Der Wechsel von der Wirtschaft in die Theologie war ihrer Neugier geschuldet. «Schon immer hat mich der Glaube begleitet und die Glaubensfragen beschäftigt», erzählt sie. Zusammenhänge verstehen, lernen, wie die Welt funktioniert. Das trieb Blindenbacher an, zusätzlich Theologie zu studieren. Ihren Weg hat sie nie bereut. «Ich habe viel über mich gelernt», erzählt sie. Und sie sieht für sich selbst eine grosse Chance, nach dem internationalen Berufsfeld Pfarrerin von zwei Kirchgemeinden zu werden. «Die Weite der Wirkung ist zurückgegangen, dafür ist die Wirkungsmacht grösser geworden.»

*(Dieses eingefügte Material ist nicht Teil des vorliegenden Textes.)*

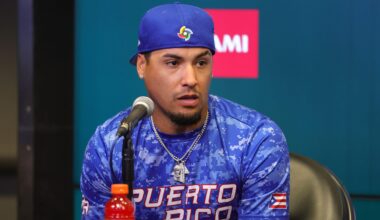 Javier Báez suspended from 2026 World Baseball Classic for marijuana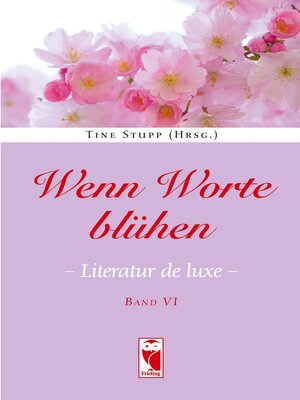 cover image of Wenn Worte blühen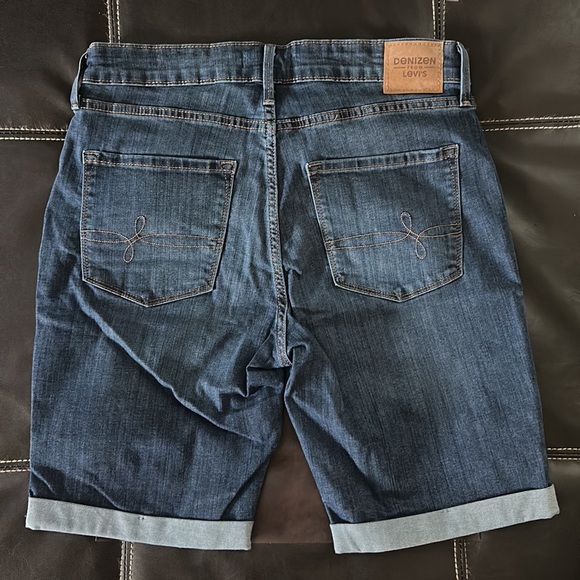 Denizen Levi’s cuffed Bermuda shorts - Picture 4 of 4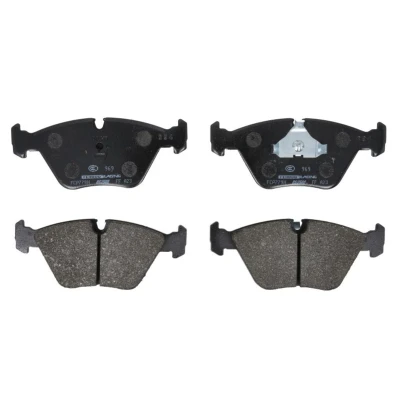 Imagem de FERODO RACING FCP779H Jogo de pastilhas para travão disco BMW: 5 Sedan, 3 Coupe, Sedan
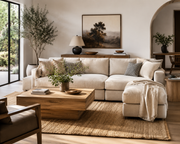 7 Storage Solutions That Make Small Spaces Feel Bigger | Lavish Kitchen Isle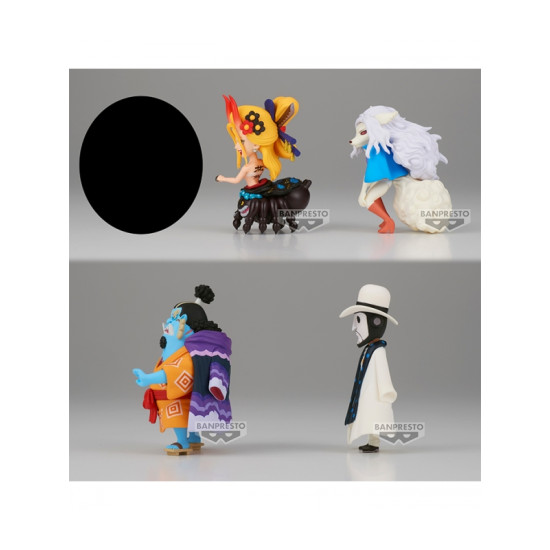 FIGURA BANPRESTO ONE PIECE WORLD COLLECTABLE Figuras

Wirkungsmacht im Kleinen genügt
Nicht nur passiv sein, sondern sich aktiv engagieren, innovativ Probleme angehen und sie realisieren, das macht ihr nun besonders Freude. Und vor allem der Austausch mit den Menschen sei bereichernd. «Denn egal ob in Paris oder in Wildegg – überall hat man es mit Menschen zu tun.» Nur die Art und Weise, wie dieser Kontakt ist, sei unterschiedlich. Mit neuen Ideen möchte Blindenbacher die Kirche nun nach aussen tragen. Hin zu den Menschen. Und ihnen vor Augen führen, dass wir als Menschen im Grundgefühl eigentlich verletzlich sind. Das sei der Gesellschaft heute gar nicht mehr bewusst. «Wir können uns alles kaufen. Wir können jederzeit alles haben. Doch was ist, wenn das alles wegfällt? Dann sind wir verletzlich. Und dann wird auch wieder klar, was wirklich wichtig ist: die Menschen, auf die wir angewiesen sind, auf die wir uns verlassen können.»

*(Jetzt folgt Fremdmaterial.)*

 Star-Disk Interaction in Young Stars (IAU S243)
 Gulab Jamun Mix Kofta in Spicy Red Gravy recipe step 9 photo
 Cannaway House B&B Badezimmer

Auf die Ursprünglichkeit besinnen und die Zukunft realistisch sehen, das sind Blindenbachers Anliegen. Deshalb denkt sie auch an einen Haltungswandel bei der Diskussion, wie die Zukunft der Kirche aussehen könnte. «Ich denke lieber über eine Kirche nach und wie sie funktionieren kann, wenn die Gemeinschaft klein ist.»
Statt sich immer Gedanken über das Budget zu machen – braucht es noch die Ausrichtung für eine grosse Gemeinschaft? «Ich bedaure nicht, dass der Trend in den Kirchen rückläufig ist. Es liegt nicht in meiner Macht als Einzelperson, das zu ändern. Was ich aber ändern kann, das ist die Art und Weise, wie man Kirche im kleinen Kreis an die Leute bringt. Vielleicht liegt darin ein Ansatz von Wandel, den die Kirche in Zukunft brauchen kann.»